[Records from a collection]
┄┄┄┄┄┄┄┄┄┄
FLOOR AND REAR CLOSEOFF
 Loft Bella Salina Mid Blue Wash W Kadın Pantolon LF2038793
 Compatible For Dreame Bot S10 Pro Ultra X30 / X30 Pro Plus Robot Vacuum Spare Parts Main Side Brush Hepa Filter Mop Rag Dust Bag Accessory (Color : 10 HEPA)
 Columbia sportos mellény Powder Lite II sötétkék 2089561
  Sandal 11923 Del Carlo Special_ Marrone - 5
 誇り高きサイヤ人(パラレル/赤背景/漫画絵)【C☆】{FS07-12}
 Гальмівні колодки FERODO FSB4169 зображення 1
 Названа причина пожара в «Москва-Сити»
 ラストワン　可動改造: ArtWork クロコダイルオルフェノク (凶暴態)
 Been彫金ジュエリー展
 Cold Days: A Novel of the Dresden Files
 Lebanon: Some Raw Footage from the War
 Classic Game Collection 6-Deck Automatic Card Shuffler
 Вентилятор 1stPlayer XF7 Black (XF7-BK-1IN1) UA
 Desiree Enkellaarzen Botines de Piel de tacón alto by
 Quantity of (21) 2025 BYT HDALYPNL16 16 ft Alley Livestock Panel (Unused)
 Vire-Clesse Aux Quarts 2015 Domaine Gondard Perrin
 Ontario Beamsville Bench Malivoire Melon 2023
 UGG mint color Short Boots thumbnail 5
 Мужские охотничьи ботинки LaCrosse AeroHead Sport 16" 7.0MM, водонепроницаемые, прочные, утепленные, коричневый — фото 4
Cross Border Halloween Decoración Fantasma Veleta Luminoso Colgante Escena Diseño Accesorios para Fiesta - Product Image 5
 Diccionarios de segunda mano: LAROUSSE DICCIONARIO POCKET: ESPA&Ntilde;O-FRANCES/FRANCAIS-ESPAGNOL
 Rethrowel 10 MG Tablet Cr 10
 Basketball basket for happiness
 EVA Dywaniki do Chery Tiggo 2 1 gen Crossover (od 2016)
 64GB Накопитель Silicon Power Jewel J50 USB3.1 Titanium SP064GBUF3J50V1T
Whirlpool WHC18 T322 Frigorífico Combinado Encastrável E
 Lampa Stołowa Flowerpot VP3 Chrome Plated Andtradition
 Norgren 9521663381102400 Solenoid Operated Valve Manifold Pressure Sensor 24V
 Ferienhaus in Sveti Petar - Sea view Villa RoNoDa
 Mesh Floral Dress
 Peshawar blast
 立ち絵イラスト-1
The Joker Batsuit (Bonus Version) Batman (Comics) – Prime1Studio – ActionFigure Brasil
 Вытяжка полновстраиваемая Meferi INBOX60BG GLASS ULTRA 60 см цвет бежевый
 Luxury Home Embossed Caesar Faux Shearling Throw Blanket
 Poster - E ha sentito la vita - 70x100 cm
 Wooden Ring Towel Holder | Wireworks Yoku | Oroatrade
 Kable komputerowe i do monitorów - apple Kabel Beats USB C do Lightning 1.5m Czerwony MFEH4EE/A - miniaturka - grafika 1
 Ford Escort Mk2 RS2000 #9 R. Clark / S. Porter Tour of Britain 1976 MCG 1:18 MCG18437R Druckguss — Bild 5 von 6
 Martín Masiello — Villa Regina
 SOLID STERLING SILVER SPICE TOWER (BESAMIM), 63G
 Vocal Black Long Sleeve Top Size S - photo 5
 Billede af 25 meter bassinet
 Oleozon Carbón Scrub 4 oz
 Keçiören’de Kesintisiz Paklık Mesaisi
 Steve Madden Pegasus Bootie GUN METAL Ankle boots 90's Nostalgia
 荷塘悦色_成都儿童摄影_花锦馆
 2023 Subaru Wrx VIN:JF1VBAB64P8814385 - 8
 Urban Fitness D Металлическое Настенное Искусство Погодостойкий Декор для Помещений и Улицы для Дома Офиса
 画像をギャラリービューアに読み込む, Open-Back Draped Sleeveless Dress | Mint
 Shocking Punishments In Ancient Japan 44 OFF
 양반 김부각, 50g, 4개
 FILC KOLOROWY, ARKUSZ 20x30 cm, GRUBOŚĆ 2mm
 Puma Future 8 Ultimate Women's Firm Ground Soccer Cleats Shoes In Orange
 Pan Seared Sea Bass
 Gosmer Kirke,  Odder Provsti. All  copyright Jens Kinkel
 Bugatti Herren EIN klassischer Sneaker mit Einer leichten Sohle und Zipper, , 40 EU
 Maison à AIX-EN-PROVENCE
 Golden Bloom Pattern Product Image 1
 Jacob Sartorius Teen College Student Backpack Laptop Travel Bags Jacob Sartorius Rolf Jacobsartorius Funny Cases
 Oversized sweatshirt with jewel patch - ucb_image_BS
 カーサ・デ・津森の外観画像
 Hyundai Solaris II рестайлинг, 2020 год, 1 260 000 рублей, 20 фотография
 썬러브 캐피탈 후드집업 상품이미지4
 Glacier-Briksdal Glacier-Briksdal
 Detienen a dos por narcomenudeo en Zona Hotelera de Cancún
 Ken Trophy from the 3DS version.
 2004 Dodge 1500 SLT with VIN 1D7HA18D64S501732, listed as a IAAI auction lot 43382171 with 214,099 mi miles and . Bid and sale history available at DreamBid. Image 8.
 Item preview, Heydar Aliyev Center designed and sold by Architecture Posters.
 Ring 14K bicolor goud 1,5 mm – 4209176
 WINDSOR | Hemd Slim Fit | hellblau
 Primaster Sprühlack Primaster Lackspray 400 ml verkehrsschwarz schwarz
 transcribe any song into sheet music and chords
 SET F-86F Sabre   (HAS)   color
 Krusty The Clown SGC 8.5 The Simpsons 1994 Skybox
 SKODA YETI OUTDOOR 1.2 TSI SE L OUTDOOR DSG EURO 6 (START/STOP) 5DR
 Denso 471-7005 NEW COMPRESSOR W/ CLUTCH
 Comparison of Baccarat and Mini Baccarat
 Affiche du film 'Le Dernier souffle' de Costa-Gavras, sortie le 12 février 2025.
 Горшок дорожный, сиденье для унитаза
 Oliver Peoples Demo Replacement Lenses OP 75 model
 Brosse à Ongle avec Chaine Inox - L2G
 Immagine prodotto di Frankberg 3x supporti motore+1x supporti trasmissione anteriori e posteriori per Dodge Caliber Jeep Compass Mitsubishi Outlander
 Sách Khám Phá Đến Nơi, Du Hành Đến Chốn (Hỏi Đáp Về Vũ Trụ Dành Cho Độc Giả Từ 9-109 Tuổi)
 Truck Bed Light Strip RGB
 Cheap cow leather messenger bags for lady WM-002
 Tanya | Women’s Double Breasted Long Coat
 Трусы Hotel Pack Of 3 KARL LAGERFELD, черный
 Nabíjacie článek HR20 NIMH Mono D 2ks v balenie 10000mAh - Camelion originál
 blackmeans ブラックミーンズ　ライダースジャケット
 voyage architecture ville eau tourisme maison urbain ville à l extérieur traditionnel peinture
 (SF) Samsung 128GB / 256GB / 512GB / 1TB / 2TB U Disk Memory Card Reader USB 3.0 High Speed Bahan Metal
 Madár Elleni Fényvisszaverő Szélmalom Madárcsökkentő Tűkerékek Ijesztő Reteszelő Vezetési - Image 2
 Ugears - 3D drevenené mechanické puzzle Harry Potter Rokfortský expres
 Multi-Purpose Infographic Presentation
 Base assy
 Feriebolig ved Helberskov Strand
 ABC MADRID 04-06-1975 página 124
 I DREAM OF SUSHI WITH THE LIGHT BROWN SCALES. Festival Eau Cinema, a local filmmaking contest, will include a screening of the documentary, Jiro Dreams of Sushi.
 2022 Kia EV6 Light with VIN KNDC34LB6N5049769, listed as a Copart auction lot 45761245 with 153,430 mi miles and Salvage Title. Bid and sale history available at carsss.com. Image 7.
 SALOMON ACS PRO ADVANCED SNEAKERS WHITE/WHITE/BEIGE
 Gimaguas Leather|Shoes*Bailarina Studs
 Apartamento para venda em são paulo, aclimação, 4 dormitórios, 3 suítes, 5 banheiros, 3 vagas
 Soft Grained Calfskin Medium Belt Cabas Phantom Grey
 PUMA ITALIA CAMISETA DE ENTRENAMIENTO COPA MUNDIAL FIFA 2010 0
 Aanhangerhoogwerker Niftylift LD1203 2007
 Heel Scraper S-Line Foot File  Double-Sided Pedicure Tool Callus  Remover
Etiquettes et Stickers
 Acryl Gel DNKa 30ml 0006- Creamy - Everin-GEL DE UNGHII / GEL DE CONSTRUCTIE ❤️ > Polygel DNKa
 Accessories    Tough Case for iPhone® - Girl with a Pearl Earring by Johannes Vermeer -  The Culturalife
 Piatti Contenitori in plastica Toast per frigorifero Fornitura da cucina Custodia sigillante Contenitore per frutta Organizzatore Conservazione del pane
┄┄┄┄┄┄┄┄┄┄
**Try it:** Lines holding the string "listed" in the records: how many are there? Give only the number.

**Exercise result:** 2